Your instructions: Before anything else, copy every record below exactly as it stands.

Stored entries:

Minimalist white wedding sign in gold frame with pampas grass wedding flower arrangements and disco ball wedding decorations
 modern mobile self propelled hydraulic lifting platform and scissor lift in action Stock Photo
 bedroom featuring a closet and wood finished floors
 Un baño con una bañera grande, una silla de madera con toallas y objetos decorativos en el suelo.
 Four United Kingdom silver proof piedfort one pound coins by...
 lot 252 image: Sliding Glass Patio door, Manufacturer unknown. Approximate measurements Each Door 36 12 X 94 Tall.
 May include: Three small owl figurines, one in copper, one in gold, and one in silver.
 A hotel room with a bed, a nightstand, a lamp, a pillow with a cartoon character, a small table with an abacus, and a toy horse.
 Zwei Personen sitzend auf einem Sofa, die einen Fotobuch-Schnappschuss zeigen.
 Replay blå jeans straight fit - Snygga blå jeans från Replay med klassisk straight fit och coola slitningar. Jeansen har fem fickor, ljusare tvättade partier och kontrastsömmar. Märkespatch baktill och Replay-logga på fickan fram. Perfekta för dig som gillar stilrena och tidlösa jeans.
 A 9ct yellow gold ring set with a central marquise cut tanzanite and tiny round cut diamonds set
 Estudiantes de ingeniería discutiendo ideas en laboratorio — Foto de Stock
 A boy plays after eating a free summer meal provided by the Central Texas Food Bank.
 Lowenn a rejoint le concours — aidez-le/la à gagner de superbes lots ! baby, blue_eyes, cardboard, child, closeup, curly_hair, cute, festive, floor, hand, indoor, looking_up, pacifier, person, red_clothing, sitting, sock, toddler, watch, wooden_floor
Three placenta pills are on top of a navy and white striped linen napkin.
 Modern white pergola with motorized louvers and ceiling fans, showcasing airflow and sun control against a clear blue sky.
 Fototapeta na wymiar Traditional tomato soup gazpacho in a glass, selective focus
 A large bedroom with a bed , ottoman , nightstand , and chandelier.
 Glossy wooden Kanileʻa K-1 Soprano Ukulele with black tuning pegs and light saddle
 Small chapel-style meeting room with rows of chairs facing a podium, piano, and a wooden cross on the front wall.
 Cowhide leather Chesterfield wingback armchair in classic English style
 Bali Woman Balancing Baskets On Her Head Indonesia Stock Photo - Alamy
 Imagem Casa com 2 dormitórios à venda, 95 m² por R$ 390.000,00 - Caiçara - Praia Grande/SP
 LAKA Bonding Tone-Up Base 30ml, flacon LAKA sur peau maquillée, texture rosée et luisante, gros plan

Written response:
Minimalist white wedding sign in gold frame with pampas grass wedding flower arrangements and disco ball wedding decorations
 modern mobile self propelled hydraulic lifting platform and scissor lift in action Stock Photo
 bedroom featuring a closet and wood finished floors
 Un baño con una bañera grande, una silla de madera con toallas y objetos decorativos en el suelo.
 Four United Kingdom silver proof piedfort one pound coins by...
 lot 252 image: Sliding Glass Patio door, Manufacturer unknown. Approximate measurements Each Door 36 12 X 94 Tall.
 May include: Three small owl figurines, one in copper, one in gold, and one in silver.
 A hotel room with a bed, a nightstand, a lamp, a pillow with a cartoon character, a small table with an abacus, and a toy horse.
 Zwei Personen sitzend auf einem Sofa, die einen Fotobuch-Schnappschuss zeigen.
 Replay blå jeans straight fit - Snygga blå jeans från Replay med klassisk straight fit och coola slitningar. Jeansen har fem fickor, ljusare tvättade partier och kontrastsömmar. Märkespatch baktill och Replay-logga på fickan fram. Perfekta för dig som gillar stilrena och tidlösa jeans.
 A 9ct yellow gold ring set with a central marquise cut tanzanite and tiny round cut diamonds set
 Estudiantes de ingeniería discutiendo ideas en laboratorio — Foto de Stock
 A boy plays after eating a free summer meal provided by the Central Texas Food Bank.
 Lowenn a rejoint le concours — aidez-le/la à gagner de superbes lots ! baby, blue_eyes, cardboard, child, closeup, curly_hair, cute, festive, floor, hand, indoor, looking_up, pacifier, person, red_clothing, sitting, sock, toddler, watch, wooden_floor
Three placenta pills are on top of a navy and white striped linen napkin.
 Modern white pergola with motorized louvers and ceiling fans, showcasing airflow and sun control against a clear blue sky.
 Fototapeta na wymiar Traditional tomato soup gazpacho in a glass, selective focus
 A large bedroom with a bed , ottoman , nightstand , and chandelier.
 Glossy wooden Kanileʻa K-1 Soprano Ukulele with black tuning pegs and light saddle
 Small chapel-style meeting room with rows of chairs facing a podium, piano, and a wooden cross on the front wall.
 Cowhide leather Chesterfield wingback armchair in classic English style
 Bali Woman Balancing Baskets On Her Head Indonesia Stock Photo - Alamy
 Imagem Casa com 2 dormitórios à venda, 95 m² por R$ 390.000,00 - Caiçara - Praia Grande/SP
 LAKA Bonding Tone-Up Base 30ml, flacon LAKA sur peau maquillée, texture rosée et luisante, gros plan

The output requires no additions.